Some pieces should have been cut to focus the film, but which pieces? It’s impossible to determine which elements belong and which don’t because that can only be judged according to the central theme or plot, which does not exist in Apocalypse. There are moments that really work, that I adore as a fan of the comics and films, but they are not enough to redeem the overall film. In fact, these moments of greatness only make it more frustrating, as they indicate a potentially good version of the film that could have existed if there was a clear vision behind it. The great moments merely prevent Apocalypse from being the worst X-Men film and not much more. What a waste.

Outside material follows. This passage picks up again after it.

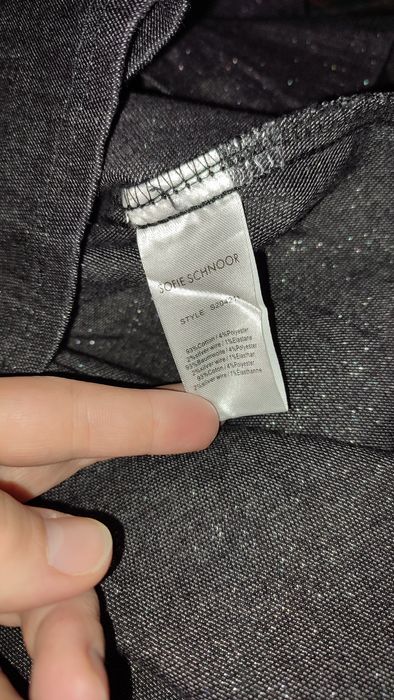 Ново Марково Дамско ХL  Дънково яке /риза ХЛ черен деним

The central plot should revolve around Apocalypse, but that character and everything related to him make up approximately half the running time. The other half is full of the unnecessary or underserved characters. Furthermore, the character of Apocalypse is completely mishandled. His powers, motivations and plans are never defined, rendering his story meaningless. So even if the character were central to the film, it would weaken the film. In an effort to address every messy aspect, I will begin by teasing out the Apocalypse storyline. To be clear, this storyline does not work on its own, but at least by focusing on it in isolation we can try to understand the intentions of the filmmakers.
X-Men: Apocalypse opens in Egypt in 3600 BCE, which looks and feels a lot like Stargate (Emmerich, 1994). Apocalypse, the ruler, is dying, so his followers parade him into his enormous pyramid. Inside, he transfers his consciousness into an unnamed mutant (Oscar Isaac) with super healing powers, allowing him to live on in that form. But during the transfer, a group of anti-Apocalypse rebels initiate a series of mechanisms that bring down the pyramid. The four main followers of Apocalypse, his four mutant “Horsemen”, hold off the attack, but the platform holding Apocalypse falls what seems like thousands of feet underground. The transfer is completed, but Apocalypse remains dormant in the rubble for over 5,000 years. These scenes are very silly and “comic-booky”, but that makes it kind of fun.
Unfortunately, the story then jumps to 1983, and the film starts bouncing around scenes and characters much like the beginning of the first X-Men film. But Apocalypse never stops to focus on a single plot. That’s the problem.